I also know that today, or tomorrow, or the day after,
Greg and Gran, or maybe even Mum, will notice that I still haven’t gone back to uni, and then it will all come out. And everyone will have an opinion and something to say. And I don’t want that. I don’t want all the secrets and mistakes that I have so carefully managed to keep close for so long to suddenly just spill out everywhere, in one big bloody mess, because then it will be real and I am not ready for it to be real. It’s really terrible but the truth is, when Mum got her diagnosis, just as I’d returned for the summer break, I was relieved – relieved to have a reason not to tell. And that’s the thing, that’s the thing that’s doing my head in. I mean, I am almost twenty-one years old, but I am still so stupid, so immature and selfish, that I actually saw a plus side to my mother being told she had early-onset Alzheimer’s. That is the kind of person I am, and I don’t know, I just don’t know how I can be better. Suddenly I’ve got to grow up quick and decide what is to be done, and I don’t want to. I want to dive under the duvet and bury myself in a book just like I used to do not that long ago.
I am not ready for this, not for any of it.
Part of me wants to tell Mum now, about everything that’s going on with me, before everyone else gets to jump in with an opinion. And yet I worry: should I tell her at all? I am not sure whether she will even understand or be able to remember what I say for more than a few hours at most. If I tell her now, does that mean that, in the weeks to come, I will have to tell her again and again and again about how I have
so comprehensively ruined my life, and see the shock and disappointed look on her face again and again?
But she’s my mum, and I need to tell her.
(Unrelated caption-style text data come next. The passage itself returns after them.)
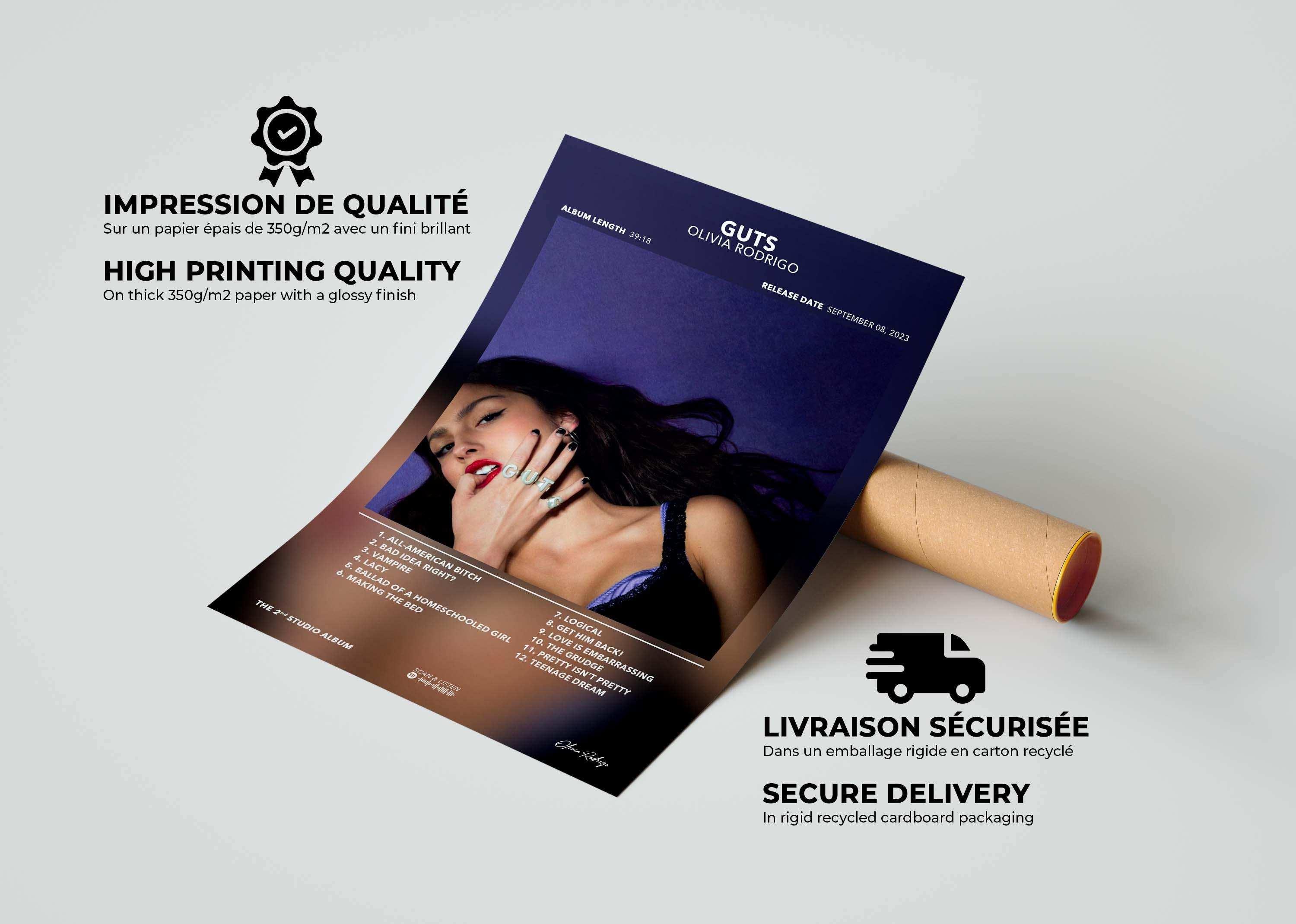 Poster Guts Olivia Rodrigo - Backyard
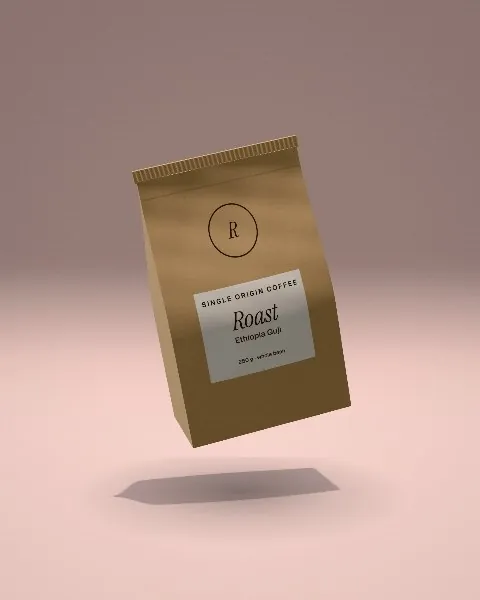 Stand-up pouch mockup on a blush plinth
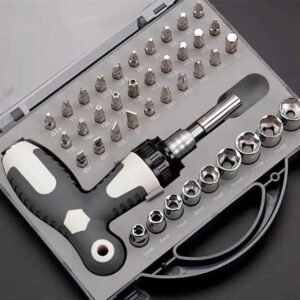 طقم براغي مع مفتاح Ratchet screwdriver set with Retractable T-Handle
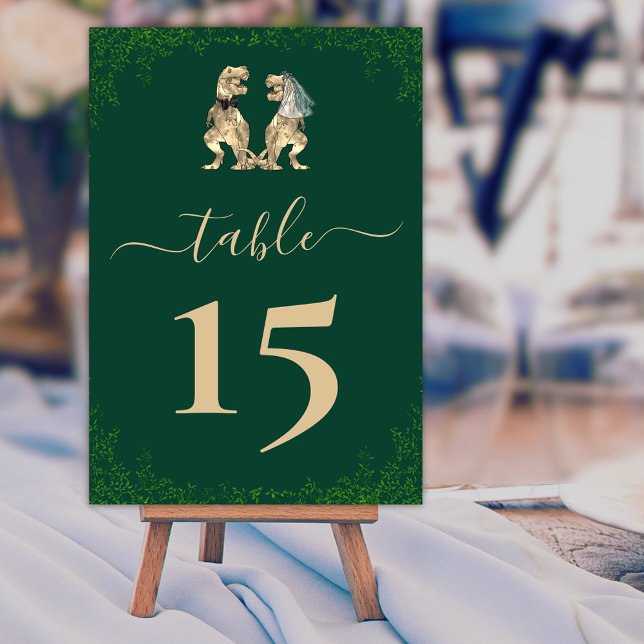 Numeração De Mesa Tema de Dinossauro Verde de Casamento (Dinosaur wedding foliage dark green custom table number card Watercolor eucalyptus foliage elegant )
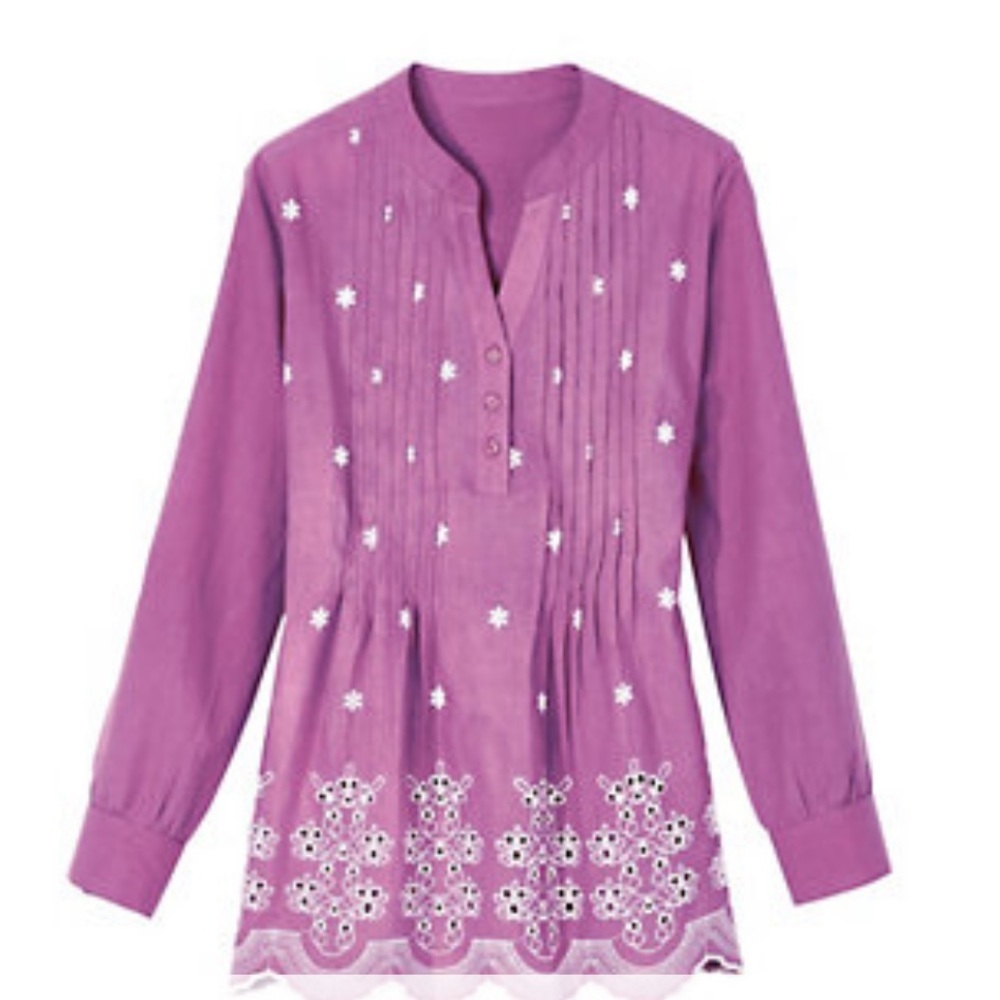 Cotton‎ Embroidered Eyelet Tunic with Pintucks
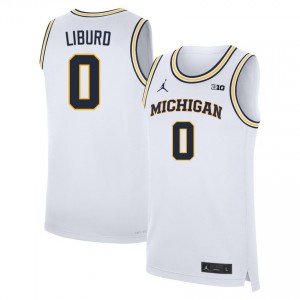 Mens Ricky Liburd White Michigan Wolverines #0 College Basketball Player Jersey 115804-257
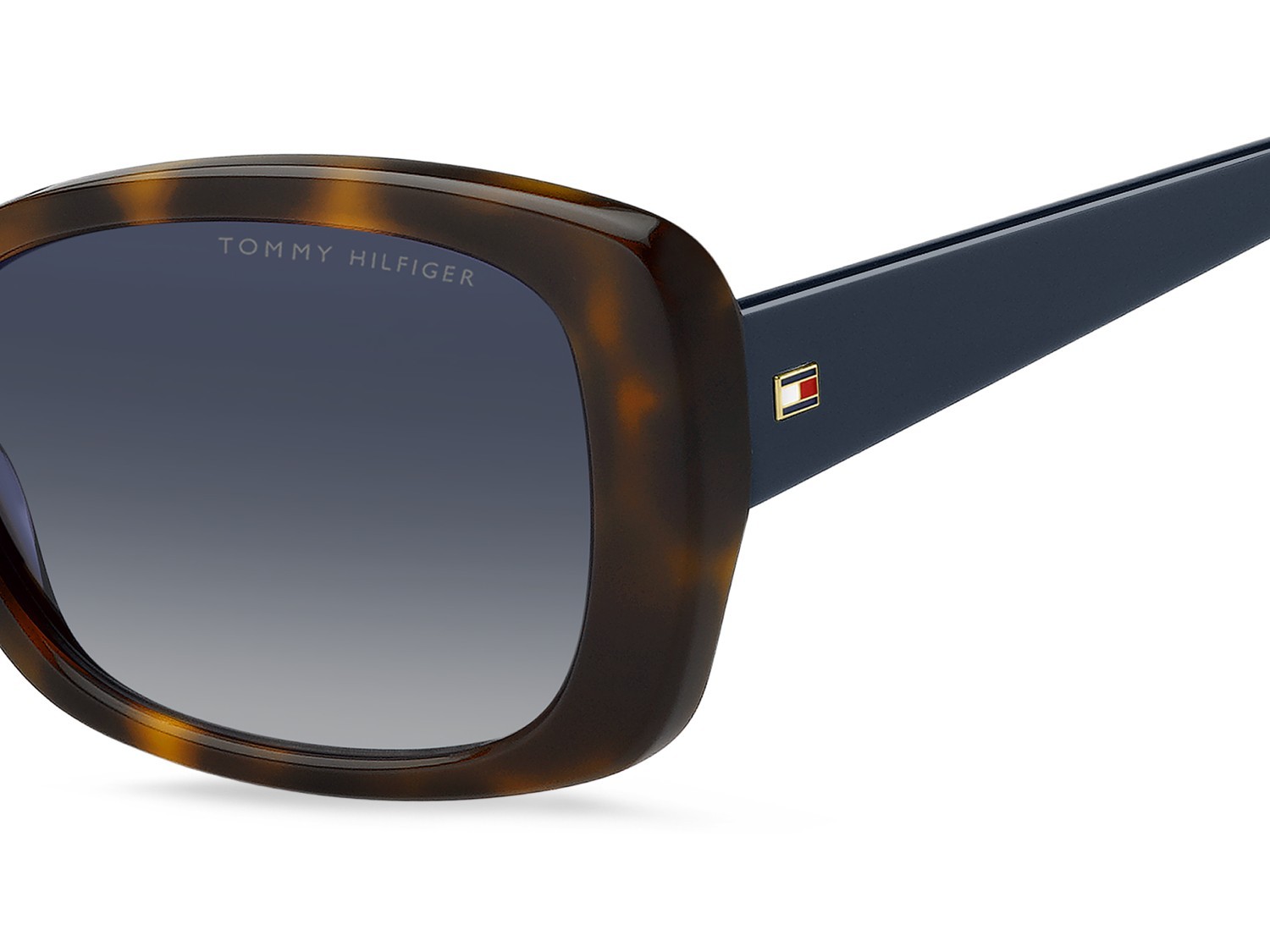 Sunglasses Tommy Hilfiger Th 2225/S 207865 IPR 08 color havana blue shape rectangle lenses dk blue shaded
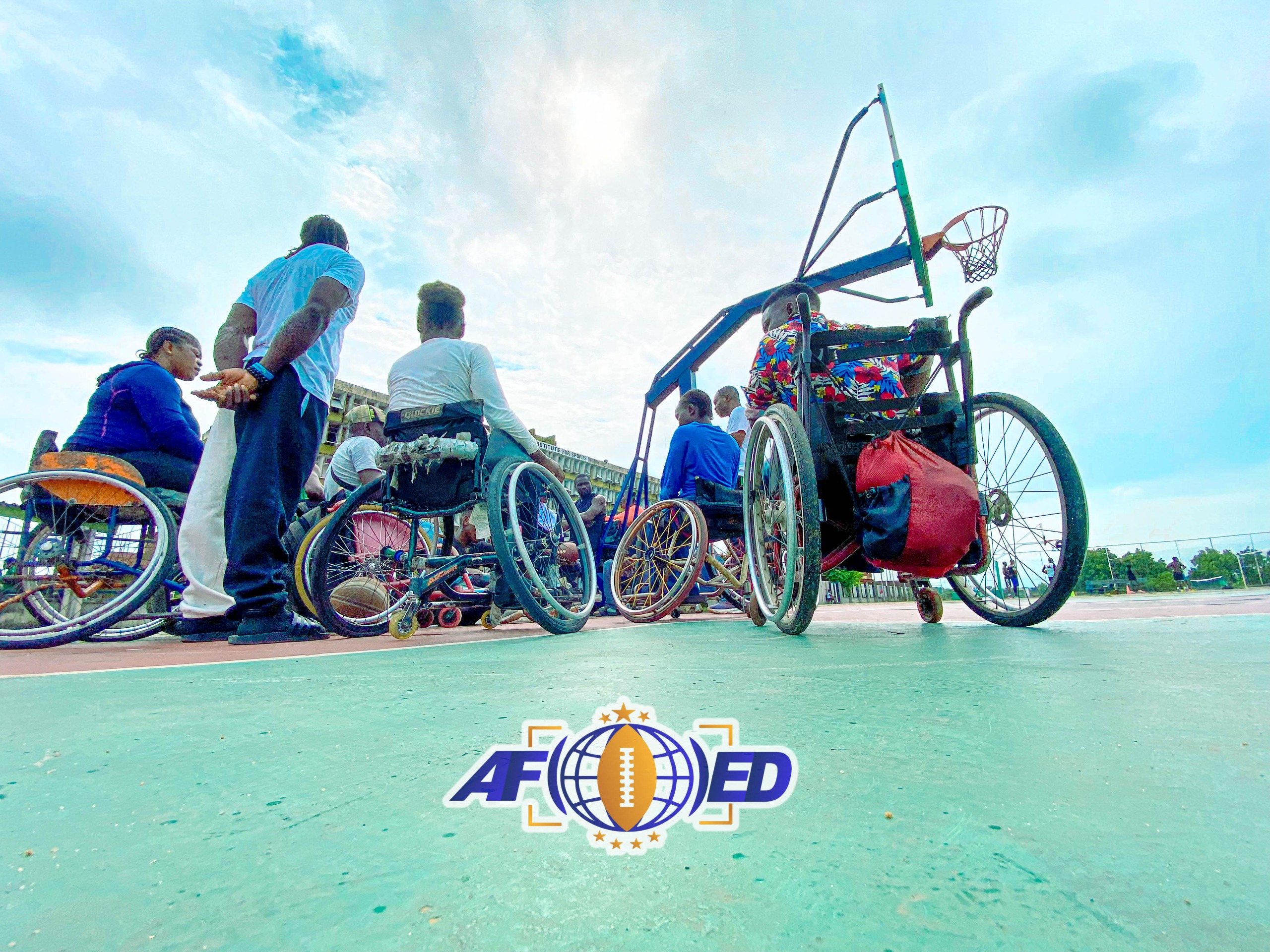 Athlete demonstrating ball-handling skills from a wheelchair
Even if it’s just for now.
‘Mum, are you ready?’ I prompt her again.
Mum doesn’t move. She sits on the rough, brown, horrible school chair and suddenly her eyes fill with tears. I feel the strength drain away from my legs, and I sit down next to her, putting my arm around her.
‘I love my job,’ she says. ‘I love teaching, and I’m so good at it. I get the kids really interested, really caring about Shakespeare and Austen and … This is my vocation. I don’t want to go, I don’t want to.’ She turns to Julia. ‘They can’t make me, can they? Isn’t there something we can do? They’re being prejudiced against Alzheimer’s.’ Her voice begins to rise with indignation and something like panic. ‘Isn’t there some sort of court we could go to, and make them see my human rights? Because they can’t make me go, Julia!’